Semelsberger Carrie F
Perinatal Women's Health Nurse Practitioner Program, Stony Brook University, Stony Brook, New York, USA.
Neonatal Netw. 2009 Nov-Dec;28(6):391-5. doi: 10.1891/0730-0832.28.6.391.
Catheter-related bloodstream infections (CR-BSIs) are a significant cause of morbidity and mortality in the NICU, occurring at rates ranging from 11.3 per 1,000 catheter days in infants <1,000 g to 4 per 1,000 catheter days in infants >2,500 g. Cost-effective and successful educational interventions aimed at nurses have been shown to decrease CR-BSIs with adults, but no such studies address neonatal nurses. This literature review examined how educational interventions could help neonatal nurses reduce infection rates in patients with central venous catheters. Four databases were searched: PubMed, CINAHL, Cochrane, and OVID. Of ten studies that measured CR-BSIs before and after educational interventions, nine showed a postintervention reduction in the rate of CR-BSIs of 40 percent or greater (eight demonstrating statistically significant reductions), and the tenth reported a reduction rate of 21 percent. All of the educational programs had additional intervention components, so it is not possible to ascribe all the success to the education, but this review suggests that this topic needs to be studied with the NICU population.

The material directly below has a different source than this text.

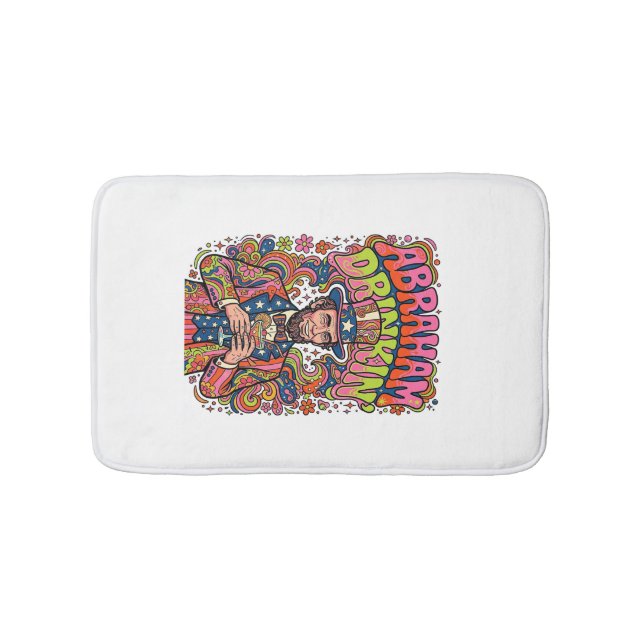 Patriotic Abraham Drinkin Retro Bath Mat (Front)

导管相关血流感染(CR-BSIs)是新生儿重症监护病房(NICU)发病和死亡的重要原因,发生率从体重<1000g婴儿的每1000导管日11.3例到体重>2500g婴儿的每1000导管日4例不等。针对护士的具有成本效益且成功的教育干预措施已被证明可降低成人的CR-BSIs,但尚无此类研究涉及新生儿护士。这篇文献综述探讨了教育干预措施如何帮助新生儿护士降低中心静脉导管患者的感染率。检索了四个数据库:PubMed、CINAHL、Cochrane和OVID。在十项测量教育干预前后CR-BSIs的研究中,九项显示干预后CR-BSIs发生率降低了40%或更多(八项显示具有统计学意义的降低),第十项报告的降低率为21%。所有教育项目都有额外的干预成分,因此不可能将所有成功都归因于教育,但这篇综述表明,这个主题需要在NICU人群中进行研究。